### INSTRUCTIONS FOR THE TASK
All that belongs in the answer is the lines from the one containing "Blue glass coin" to the end of the listing below, copied exactly, pictures excluded.

### DATASET CONTENT
######

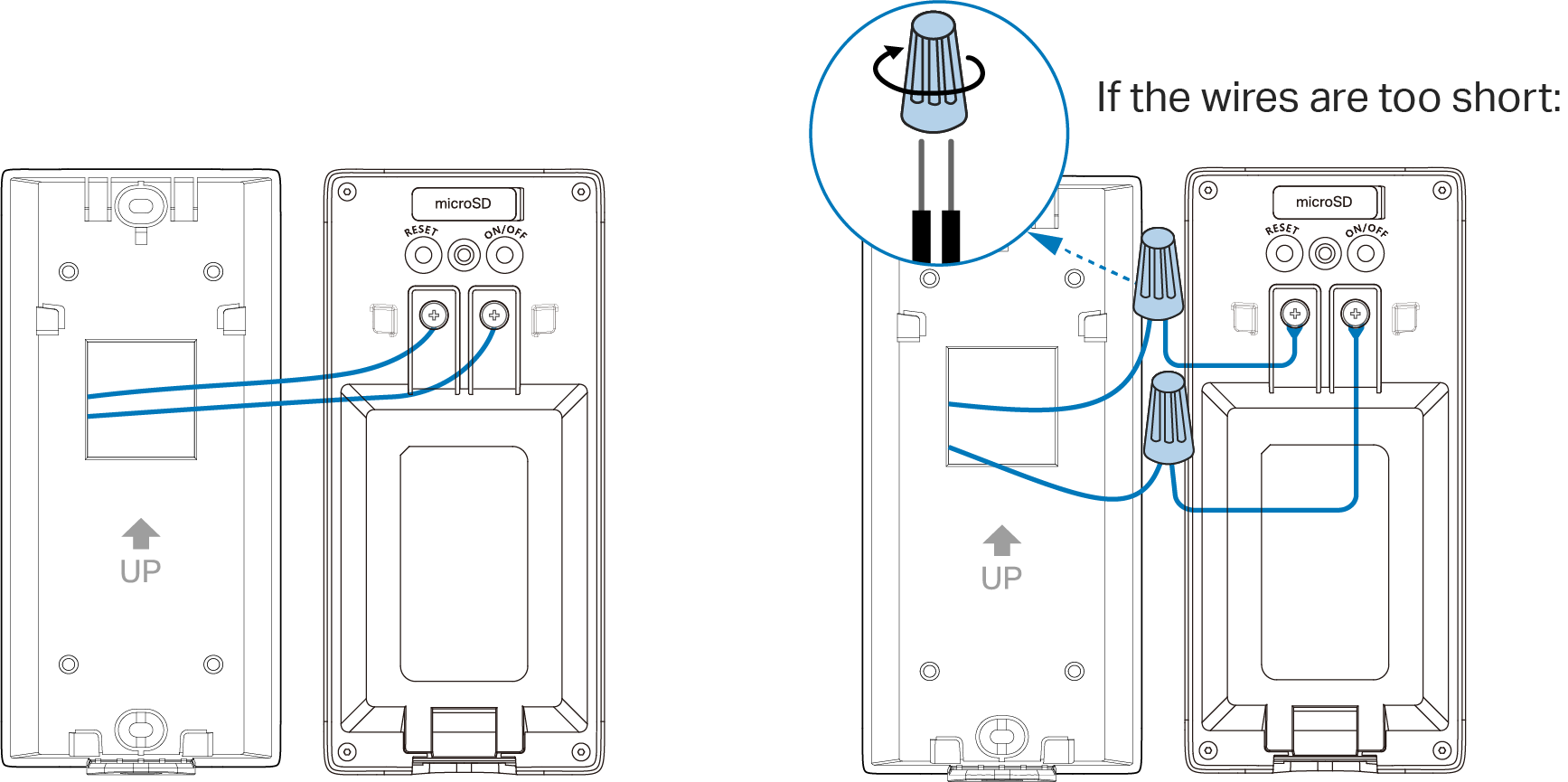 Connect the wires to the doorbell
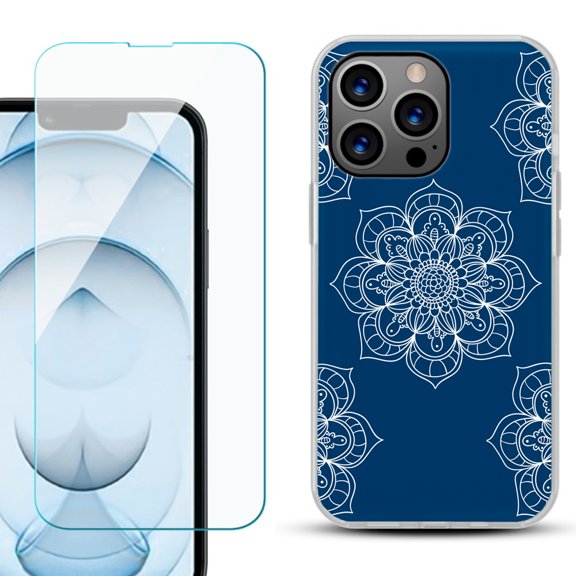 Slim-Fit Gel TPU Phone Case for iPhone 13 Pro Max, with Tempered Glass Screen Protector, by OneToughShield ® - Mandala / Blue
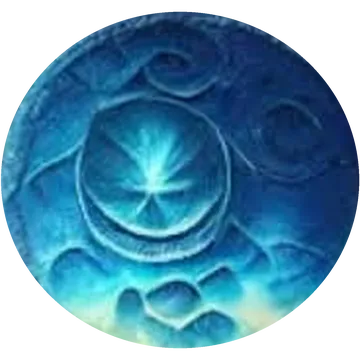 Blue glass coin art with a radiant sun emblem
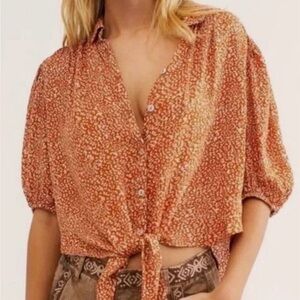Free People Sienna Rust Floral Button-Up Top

######

### RESPONSE
 Blue glass coin art with a radiant sun emblem
Free People Sienna Rust Floral Button-Up Top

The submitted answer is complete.